Getting that value proposition dialed in has proven challenging for businesses. This year, several high-profile brands shook up their approach to paid loyalty by adding value to their offering, along with the potential for greater engagement.   

In March, for example, outdoor retailer REI relaunched its lifetime membership program, raising the price from $20 to $30 and broadening its focus. Rewards and coupons are still included, but now REI's program is based on components such as member-only exclusive products and used-gear shop, plus free shipping. 

There's also a new incentive for social good: REI is donating $5 from each membership fee to a nonprofit dedicated to supporting green spaces and outdoor culture. Those changes track with the results of a 2021 Lightspeed/Mintel survey that shows exclusive offerings and shipping benefits are among consumers' most desired features in a paid loyalty program.     

Bed Bath & Beyond is another retailer that burnished its paid loyalty program this year, replacing its Beyond+ program with a new offering called Welcome Rewards+. The annual fee is the same—$29—but on top of existing perks such as a 20% discount, the new program also includes free same-day delivery on four orders per year, along with an option to use mobile checkout when shopping at a brick-and-mortar location.     

Even Amazon is adding benefits to its Prime program, offering free delivery on some GrubHub orders and expanding the music library available to Prime users. The cost of Prime increased to $139 from $119 per year.     

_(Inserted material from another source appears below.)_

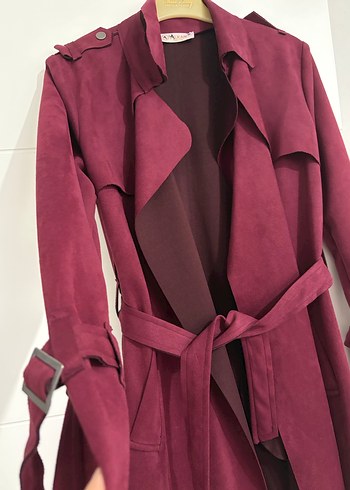 Bordo Süet  kaban - Görsel 6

Finding the optimal rewards formula

All of these changes suggest companies are searching for a rewards formula that will enable them to continue attracting customers to paid loyalty programs even during an economic downturn. There's reason to believe they can be successful if they find the right mix. A Barclaycard Payments survey found 38 percent of consumers believe subscriptions offer good value, and more than a third said subscriptions help them manage finances amidst rising costs. Forty-two percent cited reassurance key products would be delivered as another benefit. That last point bodes especially well for paid loyalty programs because one possible perk of an elite-status loyalty program is to offer first dibs on restocked items.    

Finding the right loyalty formula for your brand can be a challenge in this uncertain economic climate. Knowing the real value of your program's value exchange is paramount, especially as brands and consumers alike look to maximize their marketing dollars. Harnessing the power from Epsilon PeopleCloud and our emotional loyalty technology allows brands to drive deeper connections. Even free loyalty programs, such as Dunkin', use flexible program offers and incentives to adjust to changing customer needs. With Epsilon as a partner since 2013, they've been able to increase loyalty member spending year-over-year by 50%.

Whether free or paid, loyalty programs need to offer a mutually beneficial value exchange. This is an interesting moment for brands investing in loyalty programs. The paid loyalty concept has grown in popularity over the last few years, showing such programs can provide value for brands and consumers alike.

That value proposition will be tested in the event of a recession. Still, we believe with the right mix of benefits, paid loyalty programs can withstand a recession and grow as consumers look for value-added ways to manage spending and engage with their favorite brands.